++++ Data ++++

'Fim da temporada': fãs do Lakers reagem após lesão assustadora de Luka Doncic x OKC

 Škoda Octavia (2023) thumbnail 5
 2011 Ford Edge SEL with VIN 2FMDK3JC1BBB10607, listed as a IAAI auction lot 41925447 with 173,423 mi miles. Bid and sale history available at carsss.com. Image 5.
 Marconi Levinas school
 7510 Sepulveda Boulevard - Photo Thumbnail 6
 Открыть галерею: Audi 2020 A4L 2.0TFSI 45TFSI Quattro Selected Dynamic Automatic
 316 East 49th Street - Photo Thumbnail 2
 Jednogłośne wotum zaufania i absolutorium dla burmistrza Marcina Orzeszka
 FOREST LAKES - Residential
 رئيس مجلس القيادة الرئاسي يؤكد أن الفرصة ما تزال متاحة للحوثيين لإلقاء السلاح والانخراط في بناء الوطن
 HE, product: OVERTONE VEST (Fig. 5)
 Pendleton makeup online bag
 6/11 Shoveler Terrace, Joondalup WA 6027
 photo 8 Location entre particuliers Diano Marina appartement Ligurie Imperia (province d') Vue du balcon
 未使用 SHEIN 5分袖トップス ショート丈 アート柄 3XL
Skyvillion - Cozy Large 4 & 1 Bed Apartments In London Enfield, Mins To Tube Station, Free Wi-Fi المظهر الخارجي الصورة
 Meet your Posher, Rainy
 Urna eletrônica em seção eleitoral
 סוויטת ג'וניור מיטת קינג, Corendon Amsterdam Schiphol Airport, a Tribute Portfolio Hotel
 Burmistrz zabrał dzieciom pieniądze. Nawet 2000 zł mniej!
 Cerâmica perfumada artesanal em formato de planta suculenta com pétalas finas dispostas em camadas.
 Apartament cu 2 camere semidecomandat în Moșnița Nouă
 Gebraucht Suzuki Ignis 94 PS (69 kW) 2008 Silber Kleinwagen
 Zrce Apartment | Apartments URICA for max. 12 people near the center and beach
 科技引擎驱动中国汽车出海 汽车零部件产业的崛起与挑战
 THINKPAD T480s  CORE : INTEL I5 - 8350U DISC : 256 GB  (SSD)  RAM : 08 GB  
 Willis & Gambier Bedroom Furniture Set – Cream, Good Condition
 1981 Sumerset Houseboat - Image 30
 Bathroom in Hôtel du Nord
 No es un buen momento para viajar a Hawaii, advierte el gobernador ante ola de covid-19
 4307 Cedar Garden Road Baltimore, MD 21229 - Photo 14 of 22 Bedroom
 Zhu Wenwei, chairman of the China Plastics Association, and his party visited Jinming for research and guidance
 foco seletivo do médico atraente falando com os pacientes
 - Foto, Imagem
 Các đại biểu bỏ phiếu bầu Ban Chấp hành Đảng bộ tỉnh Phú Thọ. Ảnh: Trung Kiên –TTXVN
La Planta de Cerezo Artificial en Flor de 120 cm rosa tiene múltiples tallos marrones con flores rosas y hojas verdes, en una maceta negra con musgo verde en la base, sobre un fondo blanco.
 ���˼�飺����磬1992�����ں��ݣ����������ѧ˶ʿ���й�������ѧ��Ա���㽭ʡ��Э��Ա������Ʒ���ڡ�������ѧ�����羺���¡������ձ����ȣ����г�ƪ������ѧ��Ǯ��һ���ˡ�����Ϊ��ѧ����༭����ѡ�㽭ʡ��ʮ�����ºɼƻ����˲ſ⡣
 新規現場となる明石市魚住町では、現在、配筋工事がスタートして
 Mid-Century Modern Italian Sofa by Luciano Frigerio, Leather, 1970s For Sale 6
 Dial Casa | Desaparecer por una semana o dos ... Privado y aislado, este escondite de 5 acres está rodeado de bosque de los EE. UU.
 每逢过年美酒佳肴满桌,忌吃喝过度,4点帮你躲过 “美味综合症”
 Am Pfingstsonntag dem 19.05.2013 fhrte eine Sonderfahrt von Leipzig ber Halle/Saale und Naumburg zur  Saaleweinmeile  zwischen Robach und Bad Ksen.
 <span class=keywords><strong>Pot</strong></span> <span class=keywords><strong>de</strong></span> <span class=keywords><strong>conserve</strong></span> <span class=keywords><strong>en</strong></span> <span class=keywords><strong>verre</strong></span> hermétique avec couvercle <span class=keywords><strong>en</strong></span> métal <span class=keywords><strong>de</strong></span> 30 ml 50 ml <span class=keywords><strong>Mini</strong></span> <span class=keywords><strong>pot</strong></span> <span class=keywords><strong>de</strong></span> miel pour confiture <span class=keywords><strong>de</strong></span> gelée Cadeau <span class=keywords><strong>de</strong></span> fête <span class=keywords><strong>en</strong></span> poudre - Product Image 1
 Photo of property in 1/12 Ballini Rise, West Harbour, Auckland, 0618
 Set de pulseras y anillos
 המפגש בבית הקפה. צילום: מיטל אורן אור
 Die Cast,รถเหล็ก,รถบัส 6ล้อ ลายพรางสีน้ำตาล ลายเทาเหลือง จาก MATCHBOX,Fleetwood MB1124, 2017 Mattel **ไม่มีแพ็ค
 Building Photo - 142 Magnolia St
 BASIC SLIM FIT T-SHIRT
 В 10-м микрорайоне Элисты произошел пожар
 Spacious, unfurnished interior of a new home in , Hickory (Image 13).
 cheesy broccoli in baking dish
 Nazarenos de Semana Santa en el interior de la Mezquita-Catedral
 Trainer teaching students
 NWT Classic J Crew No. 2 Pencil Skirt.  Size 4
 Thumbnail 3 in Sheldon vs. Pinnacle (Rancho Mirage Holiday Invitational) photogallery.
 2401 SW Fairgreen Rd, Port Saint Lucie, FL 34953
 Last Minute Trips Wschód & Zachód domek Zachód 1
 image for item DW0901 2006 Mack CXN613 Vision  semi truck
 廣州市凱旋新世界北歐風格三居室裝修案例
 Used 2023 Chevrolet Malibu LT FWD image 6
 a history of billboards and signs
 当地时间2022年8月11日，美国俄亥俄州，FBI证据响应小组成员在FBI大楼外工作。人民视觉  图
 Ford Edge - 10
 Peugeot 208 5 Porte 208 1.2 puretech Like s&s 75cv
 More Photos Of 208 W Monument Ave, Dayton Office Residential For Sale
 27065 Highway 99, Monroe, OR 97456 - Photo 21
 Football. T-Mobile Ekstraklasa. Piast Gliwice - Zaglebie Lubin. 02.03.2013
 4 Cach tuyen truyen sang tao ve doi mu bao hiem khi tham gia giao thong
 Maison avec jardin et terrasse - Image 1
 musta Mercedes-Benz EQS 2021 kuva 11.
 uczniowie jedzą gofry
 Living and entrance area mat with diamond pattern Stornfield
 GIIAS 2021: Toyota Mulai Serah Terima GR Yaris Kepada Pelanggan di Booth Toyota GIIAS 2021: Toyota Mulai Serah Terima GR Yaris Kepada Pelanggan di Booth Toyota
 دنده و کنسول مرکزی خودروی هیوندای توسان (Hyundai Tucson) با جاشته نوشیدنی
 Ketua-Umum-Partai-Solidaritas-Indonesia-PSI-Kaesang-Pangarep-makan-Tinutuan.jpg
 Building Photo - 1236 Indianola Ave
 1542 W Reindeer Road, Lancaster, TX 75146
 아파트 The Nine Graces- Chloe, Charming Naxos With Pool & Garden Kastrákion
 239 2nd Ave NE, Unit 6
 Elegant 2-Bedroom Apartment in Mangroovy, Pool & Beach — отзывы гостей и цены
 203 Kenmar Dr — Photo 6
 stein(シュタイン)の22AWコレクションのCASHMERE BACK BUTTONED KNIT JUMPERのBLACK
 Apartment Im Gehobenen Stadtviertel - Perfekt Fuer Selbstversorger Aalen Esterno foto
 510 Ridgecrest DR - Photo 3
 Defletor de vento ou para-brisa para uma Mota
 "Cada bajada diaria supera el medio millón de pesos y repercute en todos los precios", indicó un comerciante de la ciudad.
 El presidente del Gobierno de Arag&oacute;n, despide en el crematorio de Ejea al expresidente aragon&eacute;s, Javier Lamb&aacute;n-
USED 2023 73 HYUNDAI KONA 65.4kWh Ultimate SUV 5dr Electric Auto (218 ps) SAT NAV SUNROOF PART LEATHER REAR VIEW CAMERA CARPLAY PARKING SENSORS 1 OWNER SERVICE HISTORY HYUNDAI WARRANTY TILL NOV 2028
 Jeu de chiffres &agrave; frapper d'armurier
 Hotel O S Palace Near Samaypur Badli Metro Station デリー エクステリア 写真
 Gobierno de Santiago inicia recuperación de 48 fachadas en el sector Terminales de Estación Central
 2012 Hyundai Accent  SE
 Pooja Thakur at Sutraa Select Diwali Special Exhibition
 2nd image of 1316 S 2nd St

++++

### Your instructions
Exactly the lines from the one containing "stein(シュタイン)の22AWコレクションのCASHMERE BACK BUTTONED" through the end of the entries above must be output, and no others.

### Written solution
 stein(シュタイン)の22AWコレクションのCASHMERE BACK BUTTONED KNIT JUMPERのBLACK
 Apartment Im Gehobenen Stadtviertel - Perfekt Fuer Selbstversorger Aalen Esterno foto
 510 Ridgecrest DR - Photo 3
 Defletor de vento ou para-brisa para uma Mota
 "Cada bajada diaria supera el medio millón de pesos y repercute en todos los precios", indicó un comerciante de la ciudad.
 El presidente del Gobierno de Arag&oacute;n, despide en el crematorio de Ejea al expresidente aragon&eacute;s, Javier Lamb&aacute;n-
USED 2023 73 HYUNDAI KONA 65.4kWh Ultimate SUV 5dr Electric Auto (218 ps) SAT NAV SUNROOF PART LEATHER REAR VIEW CAMERA CARPLAY PARKING SENSORS 1 OWNER SERVICE HISTORY HYUNDAI WARRANTY TILL NOV 2028
 Jeu de chiffres &agrave; frapper d'armurier
 Hotel O S Palace Near Samaypur Badli Metro Station デリー エクステリア 写真
 Gobierno de Santiago inicia recuperación de 48 fachadas en el sector Terminales de Estación Central
 2012 Hyundai Accent  SE
 Pooja Thakur at Sutraa Select Diwali Special Exhibition
 2nd image of 1316 S 2nd St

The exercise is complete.